Notwithstanding the foregoing, any termination of employment prior to the expiration of the Holding Period may subject the Optionee who has received Options under Section 102 to forfeiture of the tax benefits available under Section 102.

VI. ASSIGNABILITY AND SALE OF OPTIONS

1. Notwithstanding any other provision of the Plan, no Option or any right with respect thereto, shall be assignable, transferable or given as collateral or any right with respect to them given to any third party whatsoever, and during the lifetime of the Employee each and all of such Employee’s rights to purchase Shares hereunder shall be exercisable only by the Employee, except, however, that (to the extent permitted by applicable laws) a Participant may request that Shares issued upon exercise of an Option shall be issued in the name of the Participant and his or her spouse, and in such case, if such Options are Approved 102 Options, the Shares (or other property received with respect to such Shares) shall be issued to the Trustee and held for the benefit of the Participant and his or her spouse for the Holding Period. Any such action made directly or indirectly, for an immediate validation or for a future one, shall be void.

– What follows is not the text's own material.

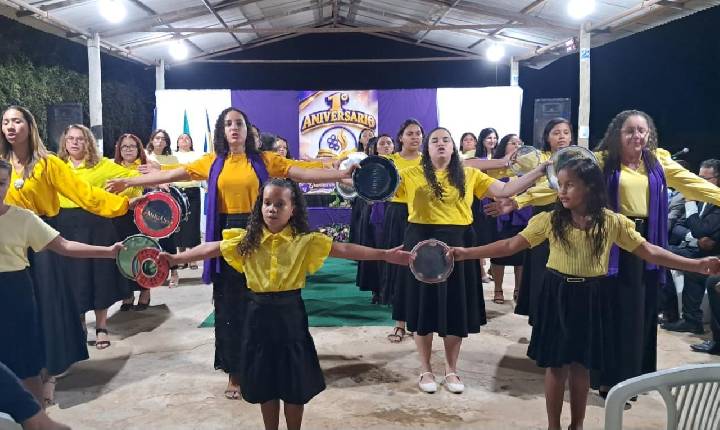 Noite de louvor e adoração a Deus marca o 1⁰ aniversário da Igreja Evangélica A Videira Verdadeira de Lagoa Grande-PE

2. As long as Options or Shares purchased pursuant thereto are held by the Trustee on behalf of the Employee, all rights of the Employee over the Shares are personal, can not be transferred, assigned, pledged or mortgaged, other than by will or laws of descent and distribution.

VII. DIVIDEND

Any dividends payable with respect to Shares acquired upon exercise of an Option shall be subject to any applicable taxation on distribution of dividends, and when applicable subject to the provisions of Section 102 and the rules, regulations or orders promulgated thereunder.


VIII. TAX CONSEQUENCES

1. Any tax consequences arising from the grant or exercise of any Option, from the issuance of Shares covered thereby (including, without limitation, the Employee’s social security taxes if applicable) or from any other event or act (of the Company, and/or its Affiliate, or the Trustee or the Employee), hereunder, shall be borne solely by the Employee. The Company and/or its Affiliate, and/or the Trustee shall withhold taxes according to the requirements under the applicable laws, rules, and regulations, including withholding taxes at source.

2. The Company and/or, when applicable, the Trustee shall not be required to release any share certificate to an Employee until all required payments have been fully made to the Company and all of the Employee’s tax liabilities arising from the grant or exercise of an Option have been satisfied.